Getting a Grip After Losing My Grip

Monday, September 27, 2010

I found my way yesterday. And I have a sippy cup to thank for it.

For about a day and a half I had been in a funky mood. There was something pinching my nerves. I couldn’t figure out what was buzzing around inside and causing me to swat wildly at random, insignificant things like messy drawers, wet bathroom floors and … sippy cups. Whatever was annoying me hadn’t exposed itself enough for to me to clearly see it.

Then Sunday morning happened.

My husband was taking our son to the park. I was getting things ready for his little diaper bag: milk, snacks, water.

“What can I do to help you,” my husband asked. He’s good that way. Plus, he saw me making like I had seven hands that could do seven different things at once.

“Please put the towels in the dryer,” I said, quickly. “And then fix up the green sippy.” The same green sippy cup that was mouth-deep in sudsy water. I washed the cup and set it on the counter for my husband to fill.

Maybe he didn’t see the wet cup on the counter or maybe he thought I meant another sippy—one that wasn’t soaped up and about to be washed. Either way, our wires got crossed and the cup sat there empty.

Next thing we knew, we were bickering—though quietly since we don’t like to alarm the kiddie with loud, angry talk—about a cup. A sippy cup. Can things get more ridiculous?

They went to the park while I sat in my office brooding. What is happening with you, woman? What’s got you so angry?

I decided to put aside my work and go for a run. Before I left, though, I wrote out an apology to my husband.

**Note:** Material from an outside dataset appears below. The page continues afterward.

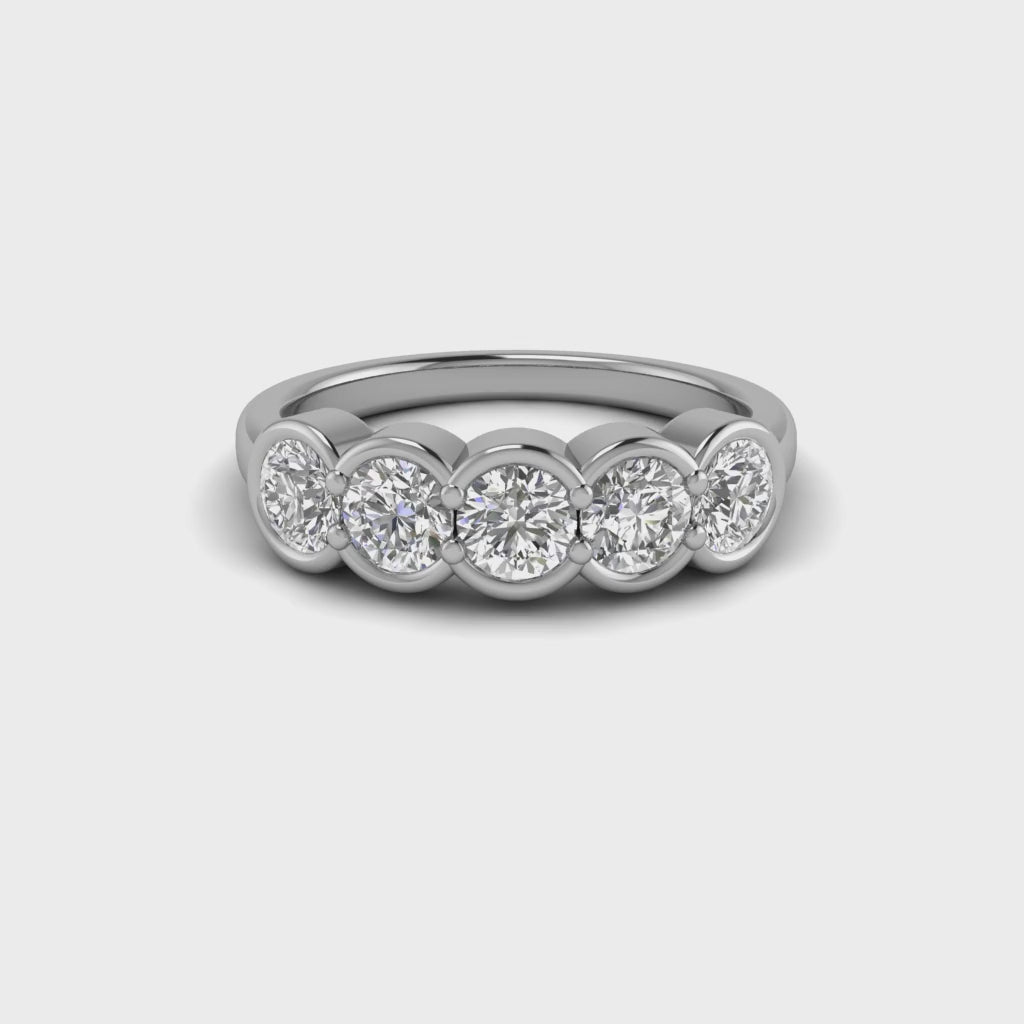 Round Moissanite Bezel Wedding Band Anniversary Jewelry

At the very least, he deserved that.

Then I did something that was, in retrospect, pretty wise. I pulled out our wedding vows.

Our book of love.

My husband’s Aunt Carol married us four years ago. A lovely, lovely woman she is, Carol typed up everything that was said during our ceremony: her stirring sermon, our affirmations, the community responses, and the vows that we wrote. She put it all together (along with a miniature painting of hers) in a slim, white binder. We so treasure this sweet, special book.

I went back to my vows because, as I did when I  first wrote them, I really believe in those words. I made a promise to this man, and I intend to keep it. No matter what.

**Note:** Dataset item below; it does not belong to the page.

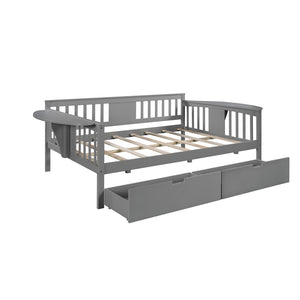 HomeRoots Gray Wood Full Day Bed with Under-Bed Storage Drawers - Modern Design for Versatile Living Spaces 602079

Midway through my run, things started to come together. The reason I was feeling agitated was because I thought my opinion wasn’t being weighed in our family decision to move (or not) to Connecticut next year. I was wrong. That is very clear. However,  how I got to that misaligned idea wasn’t completely baseless.

It came down to this: We all want to feel valued. We want to believe that what we have to add to the conversation is thought important. I knew this. I’ve known this for a good while.

What I didn’t realize is that, this time around, I was the one who was minimizing my input. I was the one subtracting my opinion and devaluing my worth. And until that stopped, I was going to continue feeling that irksome pinch and getting all huffy about featherweight things like sippy cups.

As I neared the end of the run and all of this starting to click into place, I wanted race home so I could talk to my husband about it.

We did. We’re back in good step. And I’m feeling settled.

Who knew one green sippy could work such magic.

  • 1
    40 going on 28 says:

    Fantastic post. I think a lot of people (probably mainly the women, but some men too) who go through moving for reasons not entirely their own, deal with these feelings. It’s been almost a year and I’m just getting over leaving Brooklyn for Montclair. Thank for typing this up and hitting publish.

    • 1.1
      Ms. Mack says:

      I really appreciate this comment, 40 going on 28. Thanks.
      (And hearing that you made the move from BK to Montclair is also good to know. It’s a tough switch. Even though I was ready for some “quiet,” I definitely miss much about Brooklyn. I don’t know if that goes away completely. I call it the Brooklyn Hangover.)

  • 2
    vette says:

    Well glad that you sorted things out, I guess there’s always a deeper meaning to the reasons we feel the way we do. It’s great that you were able to figure it out.

  • 3
    Nailah says:

    Great post! A lot of the time we project our own feelings into the actions of others. Re-looking at our vows and taking some time to cool off and sort things out were a great way to get everything back into focus. Kudos on not letting things fester!

    • 3.1
      Ms. Mack says:

      Oh, yes. Projecting is easy. Digging in and rooting around to figure out what’s really the matter, that’s where the work comes in. Thanks for the comment!

  • 4

    So funny….I am resentful about moving AWAY from Montclair (when I didn’t want to leave) to Atlanta. But, you are dealing with it in a healthy way and fought through your feelings. Stay positive.

  • 5

    whoo baby. those things just stir around in there don’t they. great that he went away and you ran it off. time, space and quiet i think are the most important things you can have in those moments.

    i’m glad you have those vows at the ready. what a wonderful reminder!